Data:
▬▬▬▬▬▬▬▬▬▬
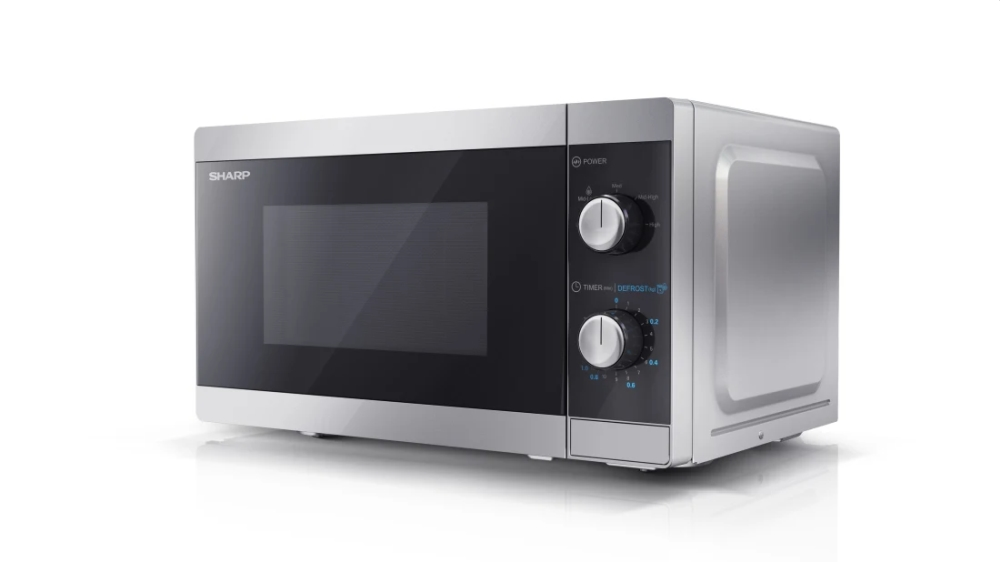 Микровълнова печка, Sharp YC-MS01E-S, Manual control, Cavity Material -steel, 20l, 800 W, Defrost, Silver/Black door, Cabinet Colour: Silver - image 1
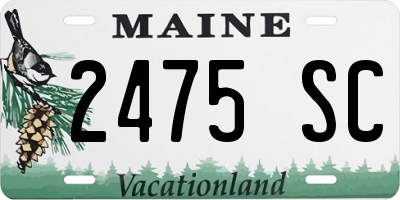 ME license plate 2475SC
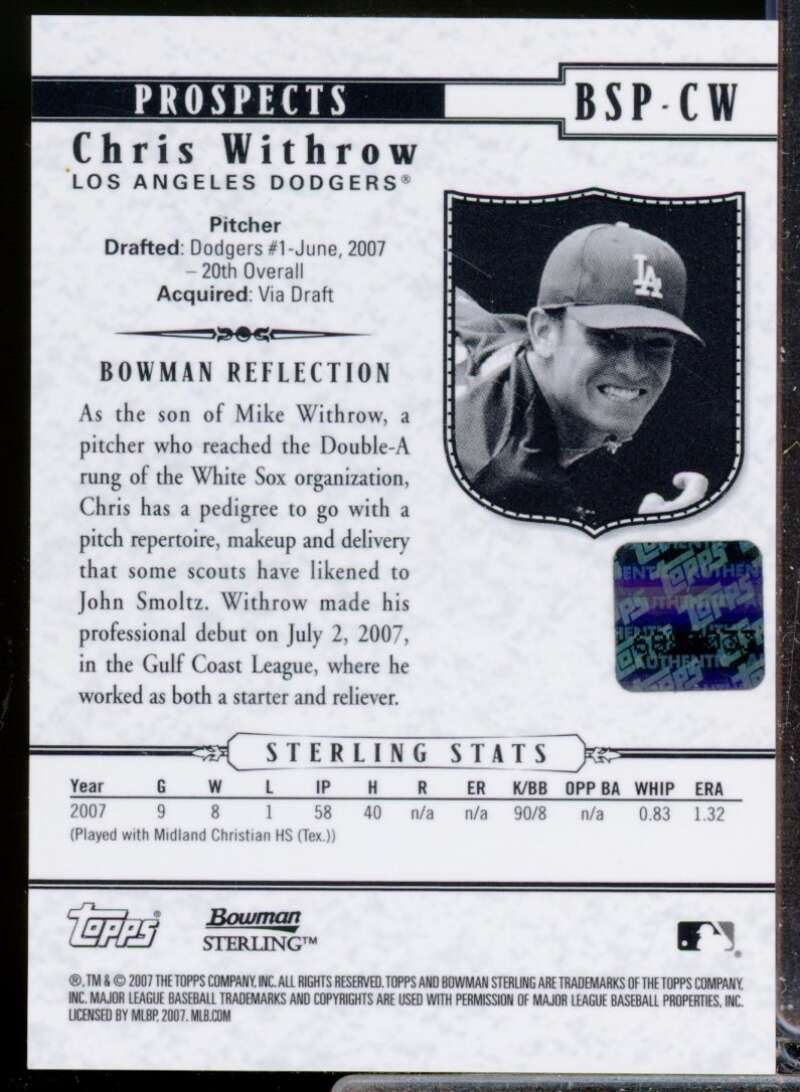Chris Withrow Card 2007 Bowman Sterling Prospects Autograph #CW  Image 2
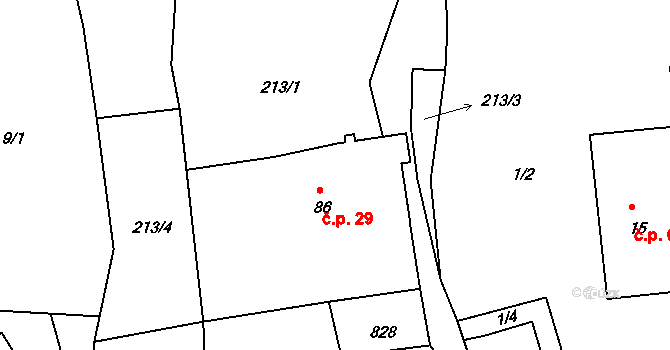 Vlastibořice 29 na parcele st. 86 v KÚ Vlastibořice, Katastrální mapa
▬▬▬▬▬▬▬▬▬▬
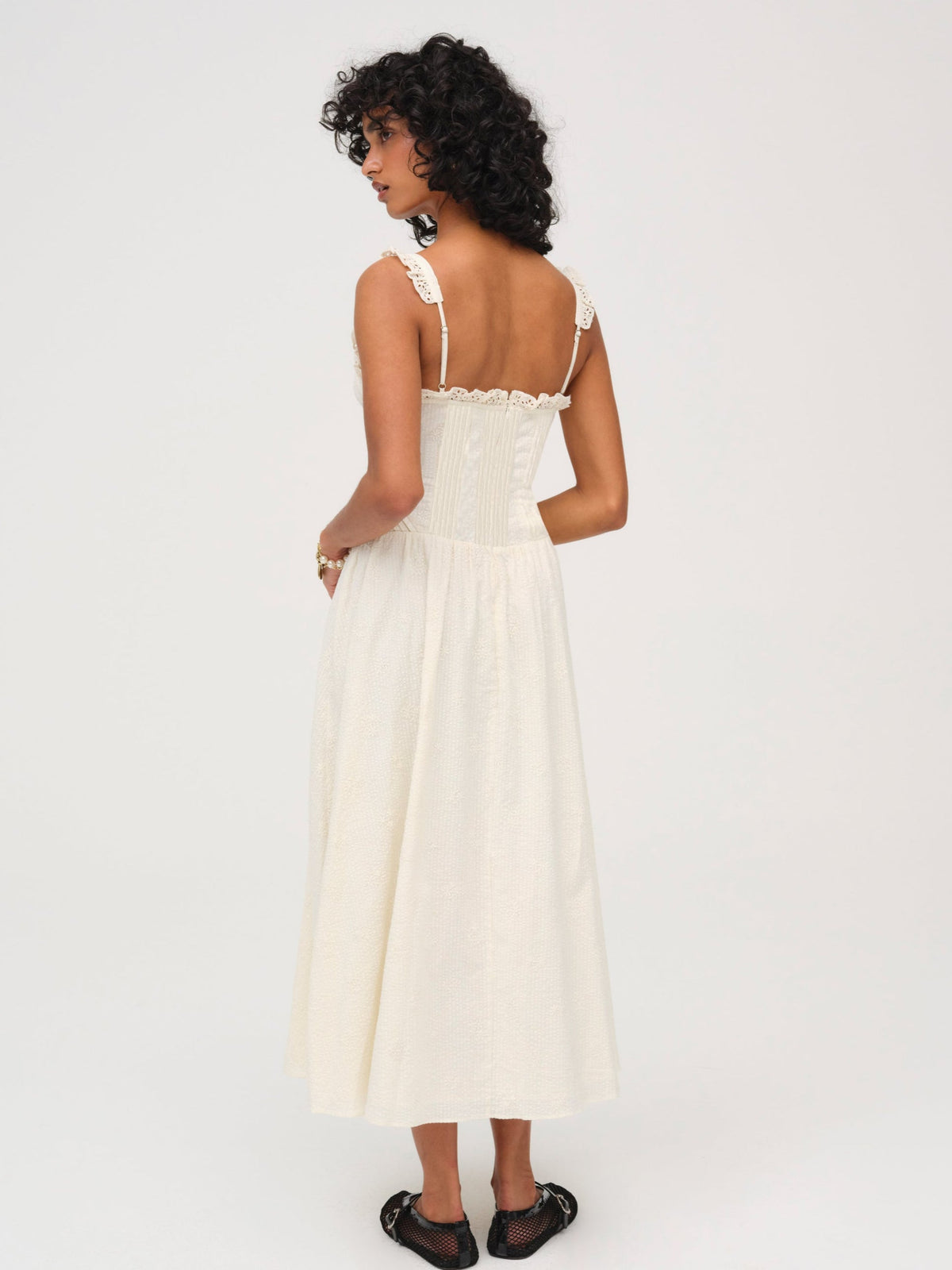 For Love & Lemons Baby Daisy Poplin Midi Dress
▬▬▬▬▬▬▬▬▬▬
Exercise directions:
Working from the entries above, please transcribe only the lines from the line with "ME license plate 2475SC" through the line with "Vlastibořice 29 na", exactly, with both end lines and without pictures.

Reply to the exercise:
 ME license plate 2475SC
Chris Withrow Card 2007 Bowman Sterling Prospects Autograph #CW  Image 2
 Vlastibořice 29 na parcele st. 86 v KÚ Vlastibořice, Katastrální mapa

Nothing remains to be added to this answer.